Region | Iraq

US troops repel coordinated rebel attack in north Baghdad

About 50 insurgents mounted a brazen attack on Iraqi forces in Baghdad on Monday, prompting US troops to provide support in a battle that lasted seven hours, a US military spokesman said.

  • Agencies
  • Published: 00:00 April 18, 2006
  • Gulf News

Baghdad: About 50 insurgents mounted a brazen attack on Iraqi forces in Baghdad on Monday, prompting US troops to provide support in a battle that lasted seven hours, a US military spokesman said.

The guerrillas attacked Iraqi forces in the mostly Sunni Arab district of Adhamiya in northern Baghdad overnight. Five rebels were killed and one member of the Iraqi forces was wounded. There were no US casualties, said the spokesman.

"It was quite a battle. It lasted seven hours," he said.

While insurgents mount such attacks in their strongholds in western Anbar province, they are rare in the Iraqi capital.

Anbar was largely spared the wave of sectarian violence which has swept much of Iraq since the February 22 bombing of a Shiite shrine in Samarra - largely because the province is overwhelmingly Sunni.

Most of the sectarian violence has occurred in Baghdad and other religiously mixed areas. A Shiite cleric was killed Monday night in southwest Baghdad during a drive-by shooting, police said.

The US military also said insurgent attacks at a government centre and mosque were repulsed on Monday in Ramadi, west of Baghdad.

The attacks involved "multiple homicide car bombs, mortars, rocket-propelled grenades, and heavy machine gun and small arms fire ... and appeared to be closely coordinated," a military statement said.

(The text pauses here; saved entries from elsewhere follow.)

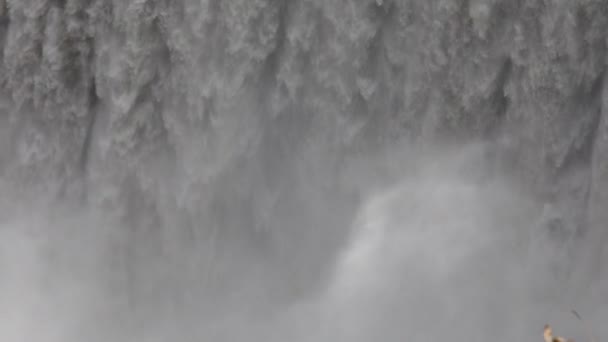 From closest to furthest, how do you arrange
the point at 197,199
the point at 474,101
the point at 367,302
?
the point at 474,101, the point at 367,302, the point at 197,199

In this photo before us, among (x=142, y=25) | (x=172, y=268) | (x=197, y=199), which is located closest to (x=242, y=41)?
(x=142, y=25)

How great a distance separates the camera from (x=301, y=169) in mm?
7641

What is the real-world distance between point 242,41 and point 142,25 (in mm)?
809

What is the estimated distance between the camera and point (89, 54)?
26.6 feet

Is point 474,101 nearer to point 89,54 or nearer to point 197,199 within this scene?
point 197,199

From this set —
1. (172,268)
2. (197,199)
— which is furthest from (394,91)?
(172,268)

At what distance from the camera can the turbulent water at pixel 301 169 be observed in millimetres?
6887

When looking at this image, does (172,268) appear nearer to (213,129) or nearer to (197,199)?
(197,199)

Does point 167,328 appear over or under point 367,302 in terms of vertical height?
over

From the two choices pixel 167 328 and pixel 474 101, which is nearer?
pixel 474 101

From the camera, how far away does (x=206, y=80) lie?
7680 mm

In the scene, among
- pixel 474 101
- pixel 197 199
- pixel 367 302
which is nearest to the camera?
pixel 474 101

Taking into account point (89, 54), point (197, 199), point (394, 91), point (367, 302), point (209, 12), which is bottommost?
point (367, 302)

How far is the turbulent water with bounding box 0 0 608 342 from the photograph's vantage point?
22.6 ft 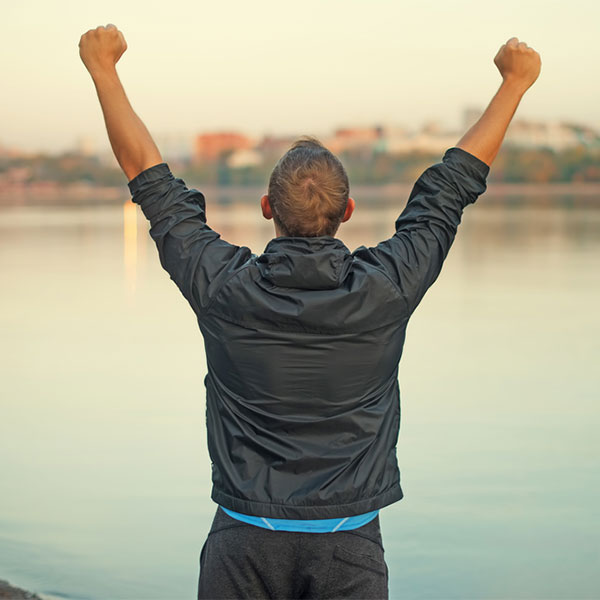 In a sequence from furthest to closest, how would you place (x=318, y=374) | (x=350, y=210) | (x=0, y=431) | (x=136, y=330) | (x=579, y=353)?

The bold attack in Baghdad raises fresh questions about security in the capital as Iraqi leaders struggle to form a unity government they hope can avert a sectarian civil war.

The withdrawal of US troops depends on the performance of Iraq's security forces, who are struggling to curb insurgent suicide bombings, shootings and assassinations as well as a rise in sectarian violence.

Adhamiya residents said Shiite militiamen accompanied the Iraqi forces. That could not be independently confirmed.

Sunni leaders have accused the Shiite-led Interior Ministry of sanctioning militia death squads, a charge the government denies.

"Adhamiya residents have taken up arms to prevent the Shiite militia from entering. There are bodies on Omar bin Abdul Aziz street, but police forces can't get to the area," said the police official.

It was not clear if the bodies were civilians, insurgents or government forces.